═════ SUPPLIED INFORMATION ═════

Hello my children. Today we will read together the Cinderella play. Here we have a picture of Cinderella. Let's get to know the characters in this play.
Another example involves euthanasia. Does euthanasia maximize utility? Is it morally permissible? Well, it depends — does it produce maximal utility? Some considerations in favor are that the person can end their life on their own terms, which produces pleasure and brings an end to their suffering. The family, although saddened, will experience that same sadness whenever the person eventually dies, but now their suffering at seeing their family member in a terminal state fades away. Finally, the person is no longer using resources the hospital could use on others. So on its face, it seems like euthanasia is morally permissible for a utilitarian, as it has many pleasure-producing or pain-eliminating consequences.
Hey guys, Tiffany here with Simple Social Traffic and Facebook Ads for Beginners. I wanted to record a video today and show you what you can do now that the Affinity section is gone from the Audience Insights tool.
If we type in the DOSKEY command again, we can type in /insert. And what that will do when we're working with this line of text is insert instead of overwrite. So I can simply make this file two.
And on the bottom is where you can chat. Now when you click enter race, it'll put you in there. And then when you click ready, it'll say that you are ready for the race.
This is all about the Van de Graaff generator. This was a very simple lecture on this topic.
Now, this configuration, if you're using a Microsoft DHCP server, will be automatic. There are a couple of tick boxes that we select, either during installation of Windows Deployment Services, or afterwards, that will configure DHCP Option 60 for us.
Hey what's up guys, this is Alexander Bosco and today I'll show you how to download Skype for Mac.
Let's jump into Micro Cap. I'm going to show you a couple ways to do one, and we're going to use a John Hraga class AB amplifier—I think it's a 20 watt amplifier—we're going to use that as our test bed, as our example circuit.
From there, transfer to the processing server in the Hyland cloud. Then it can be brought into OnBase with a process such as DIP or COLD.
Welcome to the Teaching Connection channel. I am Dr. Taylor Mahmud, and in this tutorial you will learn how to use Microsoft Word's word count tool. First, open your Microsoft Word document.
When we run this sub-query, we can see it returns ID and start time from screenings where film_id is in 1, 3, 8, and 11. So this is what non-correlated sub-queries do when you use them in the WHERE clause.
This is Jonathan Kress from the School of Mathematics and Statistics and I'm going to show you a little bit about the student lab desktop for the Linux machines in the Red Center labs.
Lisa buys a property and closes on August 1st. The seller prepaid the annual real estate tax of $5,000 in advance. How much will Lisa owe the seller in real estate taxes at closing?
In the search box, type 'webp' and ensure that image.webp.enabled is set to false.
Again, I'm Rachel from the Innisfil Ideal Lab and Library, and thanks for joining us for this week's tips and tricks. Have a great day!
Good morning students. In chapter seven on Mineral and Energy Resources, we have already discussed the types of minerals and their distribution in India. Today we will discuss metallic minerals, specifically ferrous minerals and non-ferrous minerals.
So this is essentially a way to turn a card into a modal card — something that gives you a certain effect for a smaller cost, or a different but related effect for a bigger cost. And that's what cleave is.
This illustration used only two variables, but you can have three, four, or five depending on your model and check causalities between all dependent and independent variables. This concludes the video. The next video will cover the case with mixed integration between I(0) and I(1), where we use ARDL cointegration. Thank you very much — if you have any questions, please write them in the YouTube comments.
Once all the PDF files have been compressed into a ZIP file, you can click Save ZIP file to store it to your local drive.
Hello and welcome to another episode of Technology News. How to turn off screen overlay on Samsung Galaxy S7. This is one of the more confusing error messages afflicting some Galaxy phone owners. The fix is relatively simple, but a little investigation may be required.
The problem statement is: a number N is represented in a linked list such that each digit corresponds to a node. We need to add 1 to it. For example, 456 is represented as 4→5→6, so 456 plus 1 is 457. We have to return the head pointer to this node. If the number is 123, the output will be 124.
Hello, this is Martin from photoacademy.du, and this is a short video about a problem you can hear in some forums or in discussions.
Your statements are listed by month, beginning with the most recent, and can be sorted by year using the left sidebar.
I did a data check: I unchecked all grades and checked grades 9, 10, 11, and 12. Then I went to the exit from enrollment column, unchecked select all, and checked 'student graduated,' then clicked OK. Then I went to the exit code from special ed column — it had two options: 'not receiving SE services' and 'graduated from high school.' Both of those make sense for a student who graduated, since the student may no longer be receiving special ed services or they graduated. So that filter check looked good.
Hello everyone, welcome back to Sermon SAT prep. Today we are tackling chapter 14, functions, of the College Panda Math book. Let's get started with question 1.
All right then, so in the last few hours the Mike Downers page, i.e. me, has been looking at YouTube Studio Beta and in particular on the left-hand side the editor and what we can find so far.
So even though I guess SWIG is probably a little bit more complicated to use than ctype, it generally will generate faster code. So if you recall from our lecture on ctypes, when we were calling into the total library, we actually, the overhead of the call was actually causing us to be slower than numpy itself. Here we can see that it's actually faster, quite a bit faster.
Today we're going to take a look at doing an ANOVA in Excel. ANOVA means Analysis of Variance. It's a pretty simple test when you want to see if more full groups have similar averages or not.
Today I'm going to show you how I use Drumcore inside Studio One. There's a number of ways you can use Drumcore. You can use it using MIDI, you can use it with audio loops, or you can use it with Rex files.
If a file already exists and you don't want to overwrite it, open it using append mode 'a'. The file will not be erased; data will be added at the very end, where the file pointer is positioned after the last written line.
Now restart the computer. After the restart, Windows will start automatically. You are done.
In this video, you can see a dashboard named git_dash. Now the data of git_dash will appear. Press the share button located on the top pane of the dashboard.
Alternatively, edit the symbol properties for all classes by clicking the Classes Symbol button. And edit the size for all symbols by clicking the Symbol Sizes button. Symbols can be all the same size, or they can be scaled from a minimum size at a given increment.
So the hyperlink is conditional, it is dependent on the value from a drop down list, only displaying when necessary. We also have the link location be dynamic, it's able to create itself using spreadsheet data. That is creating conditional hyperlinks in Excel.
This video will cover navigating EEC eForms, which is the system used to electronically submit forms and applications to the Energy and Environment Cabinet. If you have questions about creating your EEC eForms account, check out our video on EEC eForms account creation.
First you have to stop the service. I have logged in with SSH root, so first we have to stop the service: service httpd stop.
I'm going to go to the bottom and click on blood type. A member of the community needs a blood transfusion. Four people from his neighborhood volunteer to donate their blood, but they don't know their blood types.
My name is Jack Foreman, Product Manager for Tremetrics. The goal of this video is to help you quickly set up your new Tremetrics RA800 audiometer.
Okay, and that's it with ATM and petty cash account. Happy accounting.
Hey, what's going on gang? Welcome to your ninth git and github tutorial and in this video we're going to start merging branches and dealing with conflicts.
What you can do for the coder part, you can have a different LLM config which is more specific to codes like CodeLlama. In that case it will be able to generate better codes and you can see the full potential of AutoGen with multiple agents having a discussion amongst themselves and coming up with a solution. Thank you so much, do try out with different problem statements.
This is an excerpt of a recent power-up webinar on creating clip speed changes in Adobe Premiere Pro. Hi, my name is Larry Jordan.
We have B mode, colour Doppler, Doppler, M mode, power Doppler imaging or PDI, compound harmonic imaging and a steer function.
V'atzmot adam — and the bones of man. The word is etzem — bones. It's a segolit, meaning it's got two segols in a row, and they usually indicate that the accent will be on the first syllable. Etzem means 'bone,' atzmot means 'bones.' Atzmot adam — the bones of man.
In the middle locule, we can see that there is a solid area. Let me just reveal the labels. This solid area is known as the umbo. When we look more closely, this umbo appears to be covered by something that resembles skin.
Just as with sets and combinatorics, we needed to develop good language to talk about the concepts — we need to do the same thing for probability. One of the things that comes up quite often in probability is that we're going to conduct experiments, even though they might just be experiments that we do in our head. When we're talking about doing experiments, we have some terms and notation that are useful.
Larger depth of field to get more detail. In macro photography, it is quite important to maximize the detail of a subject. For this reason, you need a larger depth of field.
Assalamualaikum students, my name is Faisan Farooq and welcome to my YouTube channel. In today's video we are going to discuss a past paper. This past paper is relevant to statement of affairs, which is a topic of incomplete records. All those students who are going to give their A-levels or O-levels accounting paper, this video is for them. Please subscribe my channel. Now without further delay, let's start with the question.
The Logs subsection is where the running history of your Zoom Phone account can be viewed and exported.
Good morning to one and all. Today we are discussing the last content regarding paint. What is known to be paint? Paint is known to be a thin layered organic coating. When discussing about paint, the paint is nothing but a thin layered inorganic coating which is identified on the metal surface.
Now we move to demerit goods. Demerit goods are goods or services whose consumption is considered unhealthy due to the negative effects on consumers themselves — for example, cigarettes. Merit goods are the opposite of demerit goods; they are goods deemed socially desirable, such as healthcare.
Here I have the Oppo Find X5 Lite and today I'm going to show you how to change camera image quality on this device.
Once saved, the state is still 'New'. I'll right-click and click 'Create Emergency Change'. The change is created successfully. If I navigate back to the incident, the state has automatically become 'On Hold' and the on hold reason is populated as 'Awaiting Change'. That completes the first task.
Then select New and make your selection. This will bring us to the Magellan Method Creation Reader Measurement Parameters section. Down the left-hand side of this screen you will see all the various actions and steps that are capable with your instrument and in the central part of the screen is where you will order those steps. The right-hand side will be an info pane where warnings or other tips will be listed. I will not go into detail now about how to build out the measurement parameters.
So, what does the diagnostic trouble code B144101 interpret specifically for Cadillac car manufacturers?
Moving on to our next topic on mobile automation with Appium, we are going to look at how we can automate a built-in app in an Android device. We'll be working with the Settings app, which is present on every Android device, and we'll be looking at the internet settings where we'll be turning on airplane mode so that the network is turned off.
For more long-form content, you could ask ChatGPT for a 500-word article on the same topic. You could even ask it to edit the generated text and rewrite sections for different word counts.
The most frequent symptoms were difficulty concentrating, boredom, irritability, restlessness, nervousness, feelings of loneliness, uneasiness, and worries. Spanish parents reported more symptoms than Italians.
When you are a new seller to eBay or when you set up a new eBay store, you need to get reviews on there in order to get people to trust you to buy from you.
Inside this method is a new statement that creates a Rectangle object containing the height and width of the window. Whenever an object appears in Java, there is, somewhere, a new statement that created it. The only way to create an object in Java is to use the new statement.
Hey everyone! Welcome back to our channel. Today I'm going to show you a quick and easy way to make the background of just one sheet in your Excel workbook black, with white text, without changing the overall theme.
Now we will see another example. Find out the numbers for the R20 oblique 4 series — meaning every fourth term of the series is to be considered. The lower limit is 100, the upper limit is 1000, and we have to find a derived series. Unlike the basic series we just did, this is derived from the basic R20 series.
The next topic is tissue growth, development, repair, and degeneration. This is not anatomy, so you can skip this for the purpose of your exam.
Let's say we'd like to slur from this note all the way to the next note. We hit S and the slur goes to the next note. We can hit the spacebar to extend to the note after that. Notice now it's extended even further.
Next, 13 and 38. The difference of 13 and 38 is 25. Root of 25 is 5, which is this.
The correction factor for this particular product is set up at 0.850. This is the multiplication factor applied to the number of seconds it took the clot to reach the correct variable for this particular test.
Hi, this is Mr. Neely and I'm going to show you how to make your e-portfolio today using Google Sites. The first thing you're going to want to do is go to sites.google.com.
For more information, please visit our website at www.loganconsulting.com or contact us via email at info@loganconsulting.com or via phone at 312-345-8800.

═════

• EXERCISE BRIEF:
Across the entries, how many lines hold the word "appears"? Say only the number.

• OUTPUT:
2